Investing

3 Reasons Physical Gold Beats the Alternatives

With stock markets seeing unheard of levels of volatility in 2020, many investors looked to alternative investments to protect their wealth. And while markets have recovered towards the end of the year, growing economic weakness and uncertainty about the future of the economy have many investors on edge.

Against that backdrop, gold has once again pushed to the fore as a primary safe haven for those looking to protect their savings and investments. Its performance in 2020 far surpassed that of stock markets, and there’s every chance it may repeat or even better that performance in 2021. But for many investors new to precious metals, they may have questions about how to invest in gold.

There are numerous options out there when it comes to investing in gold, each with advantages or disadvantages depending on your stage in life, investment goals, etc.

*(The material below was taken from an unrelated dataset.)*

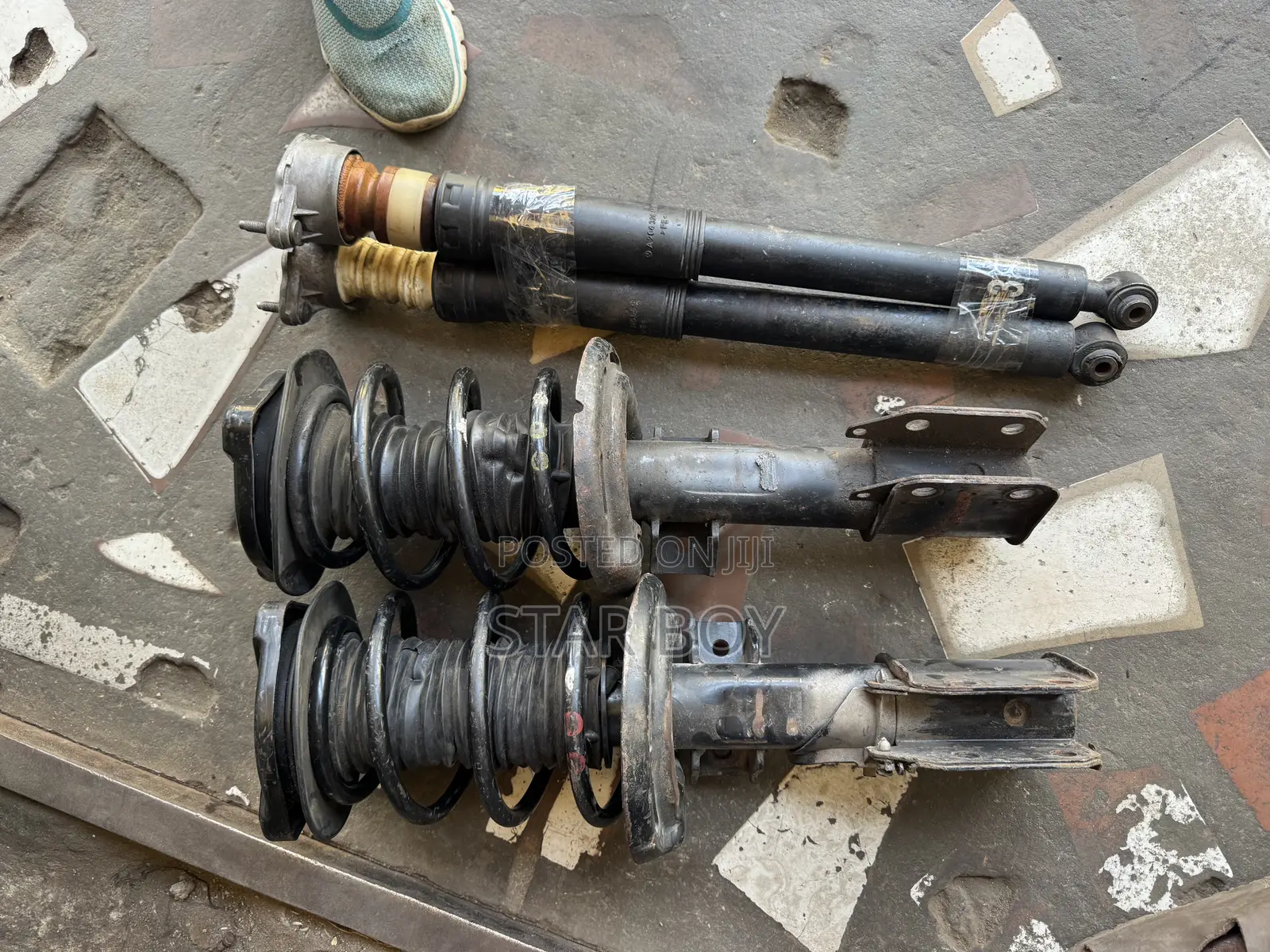 Mercedes Benz C300 Front Shocks 2004-2005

But for a great number of investors the advantages of an investment in physical gold make it the ideal choice when it comes to precious metals investing.

Types of Gold Investments

Let’s first look at the most common types of gold investment.

1. Exchange-Traded Funds (ETFs)

Exchange-traded funds are an increasingly popular means of investing in gold. Investors purchase shares in a fund that owns gold, and those shares are often traded on mainstream financial exchanges and can be purchased through many brokerages. It’s a way for investors to gain exposure to gold without actually owning any gold. And that’s one of its disadvantages too.

Even if you want to take physical possession of gold, you can’t do it if you’re invested in an ETF. You don’t actually own gold, just shares in a fund that holds gold. It isn’t as though every dollar in an ETF equates to one dollar in gold either, and because of the various custodial and subcustodial arrangements that ETFs engage in, where the ETF’s gold is and who actually holds or owns it is anyone’s guess.

Because ETFs are also shares traded on exchanges, investing in a gold ETF will expose you to fees that you won’t necessarily face with other forms of investing in gold, which can cut into your investment returns. While ETFs may be intriguing to someone looking for a little exposure to gold, if you’re looking to make gold a core part of your investment portfolio, you may want to consider other options.

2. Gold Mining Stocks

Gold mining stocks are shares of stock in publicly traded companies that mine gold. The thinking of people who invest in gold mining stocks is that when the gold price rises, the performance of gold mining stocks should rise too due to increased income.

While that could be the case, mining is also subject to labor disruptions, power outages, and increases in energy prices. Mining is energy and resource intensive, and just because the price of gold is going up doesn’t mean that the price of mining remains constant. So even with a rising gold price, mining companies and their stock prices may not perform as well as gold is.

3. Gold Jewelry

In the West, gold jewelry is mostly seen as a form of ostentation. It comes out for fancy balls and soirees, weddings, or other formal occasions. But in the East, especially in India and China, gold jewelry is a primary form of investment.

The Indian wedding season, in particular, is a big driver of gold demand. Each year as Indians get married, they receive gifts of gold jewelry from family members. And that gold jewelry forms an important part of their family wealth. Don’t underestimate the impact that that jewelry demand has on the gold price.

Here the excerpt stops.